Recent news coverage mentions a badly-needed breakthrough at MIT in battery technology. Using a slight variation of existing lithium materials, much faster charge and discharge rates are possible. The money quote is that

[Professor Gerbrand Ceder and graduate student Byoungwoo Kang] went on to make a small battery that could be fully charged or discharged in 10 to 20 seconds.

News outlets seem to have latched on to this part of the announcement and hinted that all kinds of battery-powered devices will soon be chargeable in ten seconds. I don’t think it will be likely to see, say a cell phone (much less a vehicle, as some stories hint) that can fully charge in 10 seconds. Here’s why: A typical cell phone battery might be rated at 800 mAh. It’s not perfectly linear, but you can think of it as being able to deliver 800 milliamps for an hour, or 10 milliamps for 80 hours, and so on. You could approximate the energy storage of the battery by multiplying volts x amps x hours, giving a figure in watt-hours (in this case 3.6 x 0.8 x 1 = 2.88 watt-hr). To charge it in 10 seconds, all that energy would need to be delivered within the 10 seconds, which is a sixth of a minute, or a 360th of an hour. So the charging current would need to be 0.8 x 360 = 288 amps, not counting any efficiency losses in the form of heat.

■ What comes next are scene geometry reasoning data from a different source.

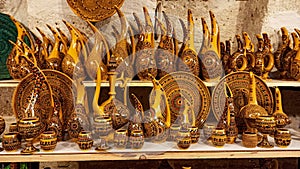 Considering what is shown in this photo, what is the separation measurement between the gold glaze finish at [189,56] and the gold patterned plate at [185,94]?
4 cm

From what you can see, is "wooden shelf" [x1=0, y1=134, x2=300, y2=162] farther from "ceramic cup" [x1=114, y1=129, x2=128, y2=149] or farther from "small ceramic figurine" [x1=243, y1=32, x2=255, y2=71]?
"small ceramic figurine" [x1=243, y1=32, x2=255, y2=71]

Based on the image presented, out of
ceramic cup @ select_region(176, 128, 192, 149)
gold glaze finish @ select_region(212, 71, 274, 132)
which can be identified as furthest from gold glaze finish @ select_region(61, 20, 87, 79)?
gold glaze finish @ select_region(212, 71, 274, 132)

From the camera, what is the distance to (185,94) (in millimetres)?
1529

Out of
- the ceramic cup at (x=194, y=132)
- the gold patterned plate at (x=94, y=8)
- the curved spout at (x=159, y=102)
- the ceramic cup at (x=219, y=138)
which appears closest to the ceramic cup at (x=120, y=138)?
the curved spout at (x=159, y=102)

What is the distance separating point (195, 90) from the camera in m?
1.52

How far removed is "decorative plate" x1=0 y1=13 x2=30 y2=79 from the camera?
1.48 metres

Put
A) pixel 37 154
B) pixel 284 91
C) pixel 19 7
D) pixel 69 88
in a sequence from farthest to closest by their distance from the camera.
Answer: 1. pixel 284 91
2. pixel 19 7
3. pixel 69 88
4. pixel 37 154

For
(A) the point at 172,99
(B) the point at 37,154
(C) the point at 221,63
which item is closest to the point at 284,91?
(C) the point at 221,63

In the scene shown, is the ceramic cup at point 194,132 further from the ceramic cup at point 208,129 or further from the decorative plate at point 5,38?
the decorative plate at point 5,38

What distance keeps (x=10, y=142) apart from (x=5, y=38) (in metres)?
0.50

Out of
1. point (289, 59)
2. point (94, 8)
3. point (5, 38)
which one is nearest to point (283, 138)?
point (289, 59)

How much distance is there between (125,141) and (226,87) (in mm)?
533

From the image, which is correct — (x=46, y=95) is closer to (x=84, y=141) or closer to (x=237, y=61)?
(x=84, y=141)

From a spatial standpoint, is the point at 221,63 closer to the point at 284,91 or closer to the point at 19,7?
the point at 284,91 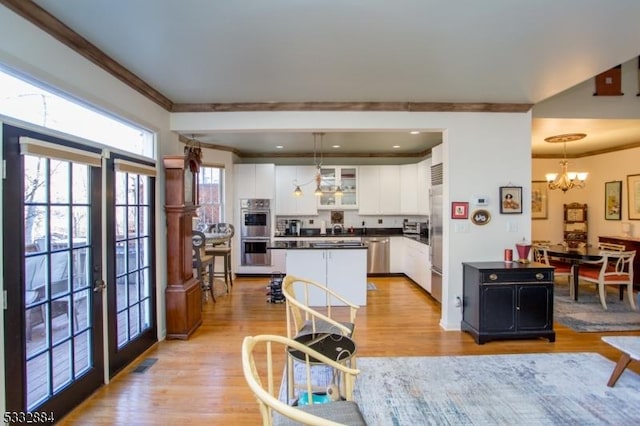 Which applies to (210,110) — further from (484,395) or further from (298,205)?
(484,395)

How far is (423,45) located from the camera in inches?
95.0

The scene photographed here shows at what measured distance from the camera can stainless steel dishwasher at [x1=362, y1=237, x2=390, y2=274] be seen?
6.55 m

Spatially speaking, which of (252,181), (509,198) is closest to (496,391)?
(509,198)

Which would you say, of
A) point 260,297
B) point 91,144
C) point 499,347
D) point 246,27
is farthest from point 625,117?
point 91,144

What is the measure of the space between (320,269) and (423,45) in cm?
324

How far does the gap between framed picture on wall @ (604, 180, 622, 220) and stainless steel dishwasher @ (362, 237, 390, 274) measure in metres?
4.45

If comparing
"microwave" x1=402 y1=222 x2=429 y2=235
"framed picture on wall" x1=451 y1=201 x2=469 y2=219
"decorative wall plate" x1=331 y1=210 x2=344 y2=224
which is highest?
"framed picture on wall" x1=451 y1=201 x2=469 y2=219

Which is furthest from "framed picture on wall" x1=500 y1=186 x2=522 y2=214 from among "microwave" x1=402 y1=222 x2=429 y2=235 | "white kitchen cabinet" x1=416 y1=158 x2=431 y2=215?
"microwave" x1=402 y1=222 x2=429 y2=235

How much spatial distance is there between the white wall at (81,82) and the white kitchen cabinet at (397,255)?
4.35 metres

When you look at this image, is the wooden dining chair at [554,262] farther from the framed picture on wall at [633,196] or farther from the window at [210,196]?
the window at [210,196]

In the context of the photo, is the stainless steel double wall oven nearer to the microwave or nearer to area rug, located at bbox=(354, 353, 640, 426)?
the microwave

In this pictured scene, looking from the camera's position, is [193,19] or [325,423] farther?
[193,19]

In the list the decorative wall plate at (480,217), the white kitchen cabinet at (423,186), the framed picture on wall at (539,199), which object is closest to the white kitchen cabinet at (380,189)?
the white kitchen cabinet at (423,186)

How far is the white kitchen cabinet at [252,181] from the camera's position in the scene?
6516 mm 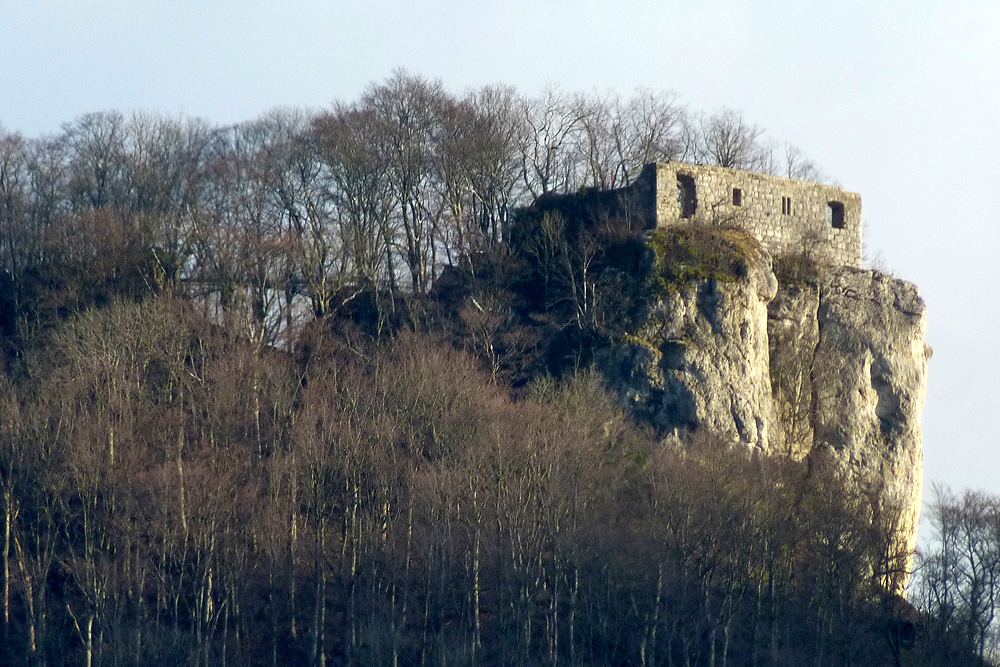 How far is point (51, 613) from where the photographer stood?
47594 mm

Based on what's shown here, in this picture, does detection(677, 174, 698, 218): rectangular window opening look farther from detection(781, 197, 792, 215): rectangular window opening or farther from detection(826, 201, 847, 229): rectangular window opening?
detection(826, 201, 847, 229): rectangular window opening

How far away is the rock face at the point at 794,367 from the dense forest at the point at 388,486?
3.82ft

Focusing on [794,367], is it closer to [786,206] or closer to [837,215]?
[786,206]

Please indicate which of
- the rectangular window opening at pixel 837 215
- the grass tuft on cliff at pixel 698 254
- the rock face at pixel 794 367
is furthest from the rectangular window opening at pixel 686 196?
the rectangular window opening at pixel 837 215

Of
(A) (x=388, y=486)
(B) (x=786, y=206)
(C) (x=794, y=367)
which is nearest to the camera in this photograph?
(A) (x=388, y=486)

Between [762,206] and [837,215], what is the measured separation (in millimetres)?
3782

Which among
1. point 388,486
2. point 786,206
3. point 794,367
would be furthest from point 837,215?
point 388,486

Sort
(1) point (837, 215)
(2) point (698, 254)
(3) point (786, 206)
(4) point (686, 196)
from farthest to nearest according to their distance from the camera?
(1) point (837, 215) < (3) point (786, 206) < (4) point (686, 196) < (2) point (698, 254)

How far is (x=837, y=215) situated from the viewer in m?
63.3

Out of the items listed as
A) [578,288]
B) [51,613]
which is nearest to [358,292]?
[578,288]

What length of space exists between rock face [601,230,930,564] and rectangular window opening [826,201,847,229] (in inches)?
82.8

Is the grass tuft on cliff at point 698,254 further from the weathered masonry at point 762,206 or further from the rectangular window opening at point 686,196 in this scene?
the rectangular window opening at point 686,196

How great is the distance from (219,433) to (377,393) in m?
4.80

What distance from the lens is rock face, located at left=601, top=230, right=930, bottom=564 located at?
55125mm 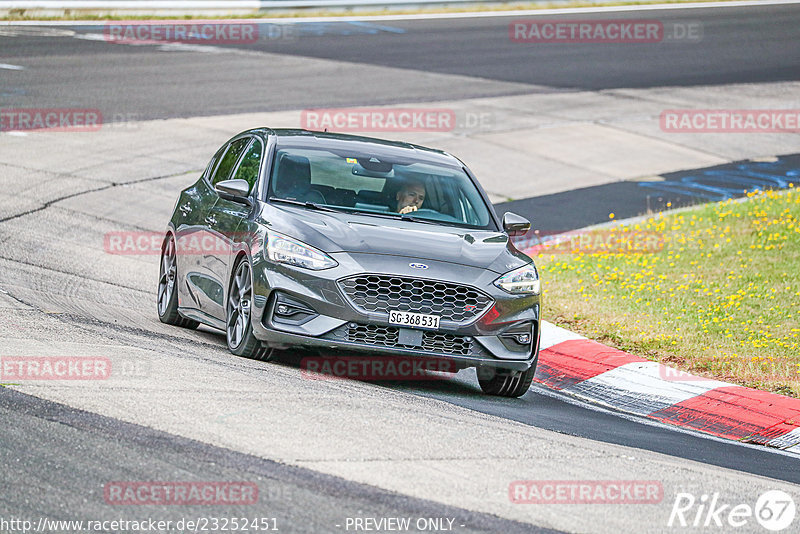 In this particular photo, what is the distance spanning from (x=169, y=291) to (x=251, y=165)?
4.94 feet

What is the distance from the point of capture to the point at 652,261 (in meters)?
15.0

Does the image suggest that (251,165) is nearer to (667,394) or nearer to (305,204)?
(305,204)

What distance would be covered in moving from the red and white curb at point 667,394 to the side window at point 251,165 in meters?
2.80

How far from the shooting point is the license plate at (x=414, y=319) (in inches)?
340

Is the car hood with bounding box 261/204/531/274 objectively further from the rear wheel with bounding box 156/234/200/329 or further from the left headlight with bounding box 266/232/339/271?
the rear wheel with bounding box 156/234/200/329

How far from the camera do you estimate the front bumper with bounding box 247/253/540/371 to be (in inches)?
340

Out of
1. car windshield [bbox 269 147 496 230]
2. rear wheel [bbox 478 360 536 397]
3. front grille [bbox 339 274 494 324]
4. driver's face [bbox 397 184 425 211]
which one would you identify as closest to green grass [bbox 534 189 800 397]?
rear wheel [bbox 478 360 536 397]

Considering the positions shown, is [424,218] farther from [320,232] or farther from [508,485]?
[508,485]

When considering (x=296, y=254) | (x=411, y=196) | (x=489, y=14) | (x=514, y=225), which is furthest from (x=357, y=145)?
(x=489, y=14)

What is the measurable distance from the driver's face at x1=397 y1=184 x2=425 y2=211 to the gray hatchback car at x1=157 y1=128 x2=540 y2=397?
11 millimetres

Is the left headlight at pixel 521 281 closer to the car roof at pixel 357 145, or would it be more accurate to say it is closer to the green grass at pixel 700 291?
the car roof at pixel 357 145

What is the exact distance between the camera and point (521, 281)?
9.15 m

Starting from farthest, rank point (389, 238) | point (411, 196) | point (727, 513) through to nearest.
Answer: point (411, 196) → point (389, 238) → point (727, 513)

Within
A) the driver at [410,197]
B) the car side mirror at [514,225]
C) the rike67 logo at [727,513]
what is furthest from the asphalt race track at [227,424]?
the driver at [410,197] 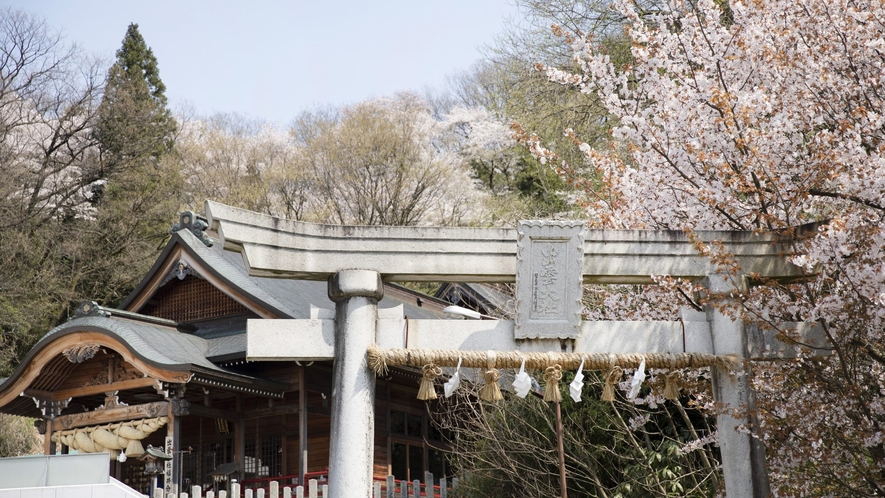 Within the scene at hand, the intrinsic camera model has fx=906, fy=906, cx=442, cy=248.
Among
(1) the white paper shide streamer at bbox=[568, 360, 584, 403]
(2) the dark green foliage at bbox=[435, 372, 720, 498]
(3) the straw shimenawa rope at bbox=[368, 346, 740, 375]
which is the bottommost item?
(2) the dark green foliage at bbox=[435, 372, 720, 498]

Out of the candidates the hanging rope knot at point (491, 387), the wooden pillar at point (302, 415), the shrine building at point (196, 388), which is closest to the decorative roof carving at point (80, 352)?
the shrine building at point (196, 388)

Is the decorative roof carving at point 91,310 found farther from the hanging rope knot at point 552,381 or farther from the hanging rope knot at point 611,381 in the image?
the hanging rope knot at point 611,381

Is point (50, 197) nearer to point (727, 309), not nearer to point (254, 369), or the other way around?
point (254, 369)

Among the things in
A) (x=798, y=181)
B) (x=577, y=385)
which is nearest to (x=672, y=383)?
(x=577, y=385)

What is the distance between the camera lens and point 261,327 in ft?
22.1

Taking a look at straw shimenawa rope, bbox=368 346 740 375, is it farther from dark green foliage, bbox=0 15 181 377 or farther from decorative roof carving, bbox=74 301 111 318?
dark green foliage, bbox=0 15 181 377

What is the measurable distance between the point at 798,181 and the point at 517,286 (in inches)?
114

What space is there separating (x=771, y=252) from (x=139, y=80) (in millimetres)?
28956

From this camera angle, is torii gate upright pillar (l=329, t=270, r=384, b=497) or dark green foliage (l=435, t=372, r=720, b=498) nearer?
torii gate upright pillar (l=329, t=270, r=384, b=497)

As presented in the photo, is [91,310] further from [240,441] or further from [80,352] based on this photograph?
[240,441]

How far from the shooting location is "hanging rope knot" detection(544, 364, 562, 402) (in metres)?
6.80

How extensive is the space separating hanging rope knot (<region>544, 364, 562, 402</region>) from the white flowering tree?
1509 mm

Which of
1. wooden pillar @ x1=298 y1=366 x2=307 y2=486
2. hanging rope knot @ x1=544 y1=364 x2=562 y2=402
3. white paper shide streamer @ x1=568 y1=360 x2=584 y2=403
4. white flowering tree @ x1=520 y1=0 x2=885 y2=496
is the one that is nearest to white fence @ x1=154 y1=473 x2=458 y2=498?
wooden pillar @ x1=298 y1=366 x2=307 y2=486

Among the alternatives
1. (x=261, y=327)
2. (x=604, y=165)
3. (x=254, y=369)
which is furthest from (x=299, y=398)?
(x=261, y=327) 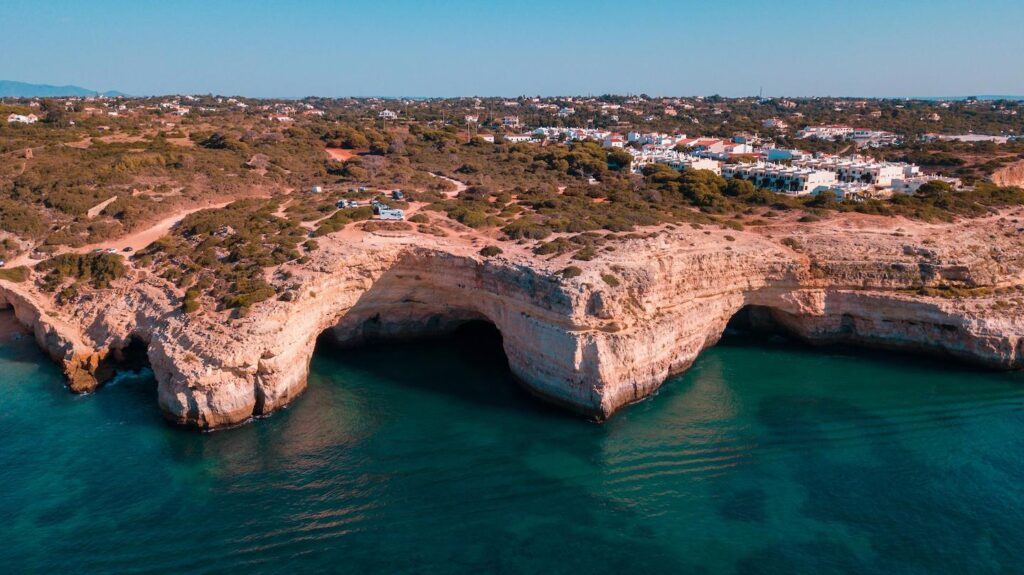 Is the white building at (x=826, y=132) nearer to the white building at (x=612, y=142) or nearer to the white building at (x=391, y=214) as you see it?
the white building at (x=612, y=142)

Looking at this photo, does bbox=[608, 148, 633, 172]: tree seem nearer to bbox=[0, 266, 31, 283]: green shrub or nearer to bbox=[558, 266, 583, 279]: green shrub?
bbox=[558, 266, 583, 279]: green shrub

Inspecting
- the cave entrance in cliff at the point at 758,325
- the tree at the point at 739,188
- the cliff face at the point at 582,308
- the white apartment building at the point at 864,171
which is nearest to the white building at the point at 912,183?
the white apartment building at the point at 864,171

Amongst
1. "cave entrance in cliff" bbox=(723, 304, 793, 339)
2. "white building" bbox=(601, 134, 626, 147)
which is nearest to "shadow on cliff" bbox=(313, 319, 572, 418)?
"cave entrance in cliff" bbox=(723, 304, 793, 339)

What’s the big deal about pumping out 288 amps? Ohm’s law gives some idea. To push 288 amps through a complete circuit of one ohm (this includes the internal resistance of the battery), you would need to apply 288 volts, with a resulting power consumption of 288 squared, or just under 83,000 watts. That kind of current is more suitable for an industrial arc welder than a household battery charger. Even if the resistance can be made smaller, the benefit is only linear. To compare, my laptop, which dissipates 65 watts over several square inches, gets uncomfortably hot. Or see how long you can hold your hand on a lit 100 watt incandescent bulb. I can’t imagine packing that much energy into a “small” battery. It’s also hard to imagine a safe charging circuit that uses voltages that much above the nominal voltage of the battery.

So professor Ceder’s breakthrough looks great, and probably will be in iPods in a few years, but take the media coverage with a large grain of salt.